A pesar de que uno pueda tomar las críticas de Feinberg con cautela, y su lectura pueda ser discutible, lo cierto es que expone un punto que puede ilustrar la indagación: la autonomía personal no parece resolver los problemas conceptuales que desafían a las instituciones cuando se trata de defender su autogobierno —esto es, no bastaría esta fundamentación para atender las preguntas que se plantearon atrás—. Este autor llama la atención sobre el hecho de estar insertos, como “animales sociales”, en una “infraestructura” social ya establecida de antemano y cuyos cambios exceden la autonomía moral —por ejemplo, kantiana—. Más aún, el autor afirma: “El mundo humano no es y ni puede consistir en millones de ‘islas’ soberanas separadas que ejerzan su propia elección autónoma sobre qué, dónde, cómo y cuándo será, cada una capaz de sobrevivir y florecer, si así lo desea, en total independencia de todas las demás, cada una libre de cualquier necesidad para los demás” (1988, p. 47).

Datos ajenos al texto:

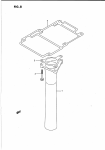 Exhaust Tube Exhaust Tube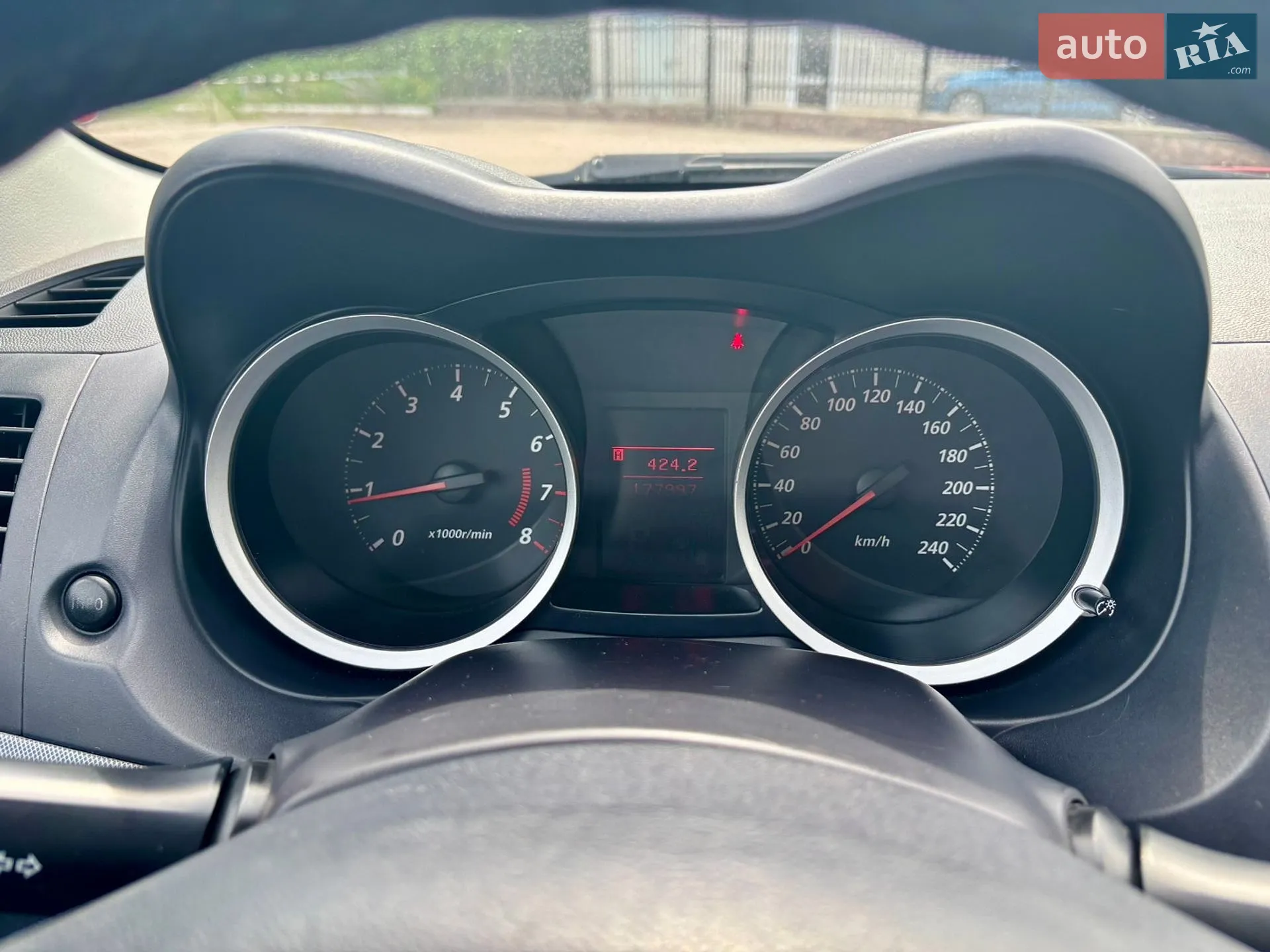 2011 Mitsubishi Lancer - мініатюра 37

Es posible que la crítica severa que hace este autor a esta perspectiva se deba a que Feinberg (1988) tiene a la vista una comprensión de la autonomía muy ligada a la que se arrogan los Estados; es decir, una concepción eminentemente institucional-formal-sistemática de la autonomía y su dimensión política. A esta comprensión la denomina el autor autonomía como derecho, y para comprenderla hace distinciones con la idea de soberanía —muy útiles para pensar la autonomía universitaria—:

Soberanía y (mera) autonomía política parecen diferir en al menos dos sentidos. Primero, la autonomía es parcial y limitada, mientras que la soberanía es completa e indivisa. La región autónoma se rige a sí misma en algunos aspectos, pero no en otros, mientras que el estado soberano no renuncia a su derecho de gobernar por completo cuando delega autonomía. (1988, p. 48)

Esta diferencia da herramientas para pensar la autonomía universitaria. Como se verá unas páginas más adelante, la universidad está en la doble condición de ser instituida por algún poder o estamento heterónomo (el papa, el rey, el Ministerio de Educación) y, al tiempo, es el lugar de autoridad que instituye el conocimiento científico. Esto es, análogamente, está ligada a la soberanía del estamento que le instituye —y por eso tiene que atender un orden establecido—, pero debe tener garantizada la autonomía. Freinberg afirma: “La autonomía local es delegada; la soberanía es básica y no se puede derivar. La soberanía es, en un sentido, una fuente última de autoridad” (1988, p. 48).